Il fatto è che la bizzarra, quanto aspra, opera – a cui sono stati costretti i raccoglitori del cotone – ha il mero fine di rendere il più telegenico possibile la visita di un ministro di Karimov, il quale, da copione, avrebbe dovuto solamente muoversi fra i campi, mentre le telecamere di Stato lo riprendevano. La visita si sarebbe dovuta tenere nel periodo della fioritura, ma per diversi motivi è stata così tanto posticipata che si è giunti al momento finale del ciclo: la raccolta. Per il Governo era impensabile visitare un campo decorato solo da arbusti, scarno del suo chiarore ovattato. Anche attori e personaggi pubblici sono stati costretti a eseguire tale prestazione.
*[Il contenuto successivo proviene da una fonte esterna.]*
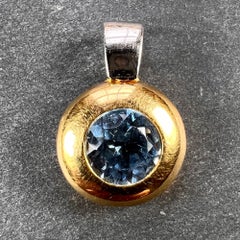 Ciondolo con spinello sintetico blu in oro giallo e bianco 18 carati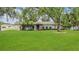 Charming single-story home with a well-maintained lawn, mature trees, and colorful landscaping at 334 Terrace Dr, Oviedo, FL 32765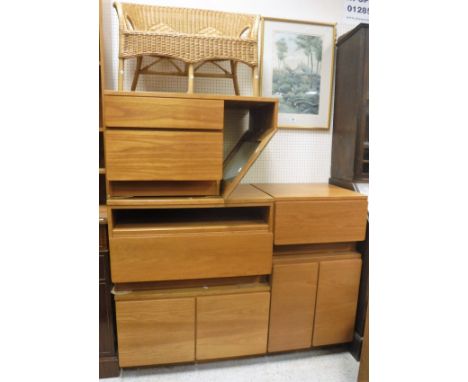 A collection of Tapley 33 teak cupboards, shelving units etc together with a modern pine shelf unit and a child's wicker sett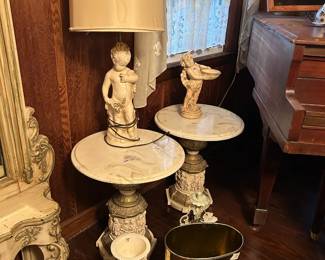 Vintage Metal Weibro trash can, vintage plaster Putti/Cherub table lamp, Grecian inspired urns, and a pair of marble top resin base side tables in excellent condition.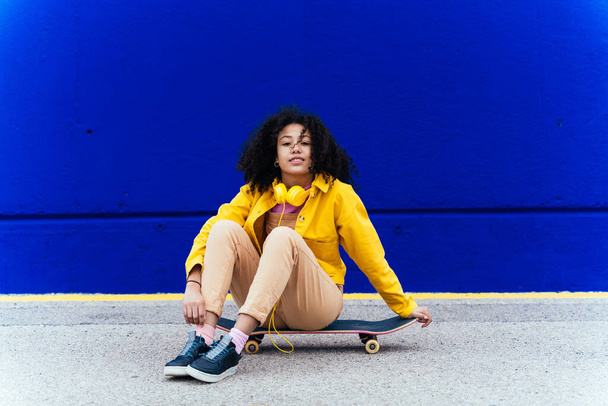 Young happy woman having fun outdoor with her skateboard. Teenager listening to music with smartphone and headphones in a yellow and blue modern urban area - 写真・画像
I russi, il cui odio per Karimov è rinomato, hanno richiamato, a seguito di quanto descritto, un loro predecessore: il conte Potemkin. Esso si è reso famoso perché faceva costruire villaggi di cartapesta, animati e conditi da allegri contadini, lungo i percorsi della zarina Caterina la Grande: quest’ultima, immaginava quindi di governare su felici e popolose borgate, anche se in realtà non era così. Questo episodio fece in modo che il mos russo “Villaggio Potemkin” fosse riconducibile alle finzioni inscenate dai politici. La differenza tra la fattispecie raccontata precedentemente e quella uzbeka è una sola: quest’ultima è totalmente fine a sé stessa, divenendo di conseguenza inutile. Alla fine, il ministro, ancora troppo occupato ha continuato a rimandare la sua visita. Resta solo una domanda: la colla reggerà?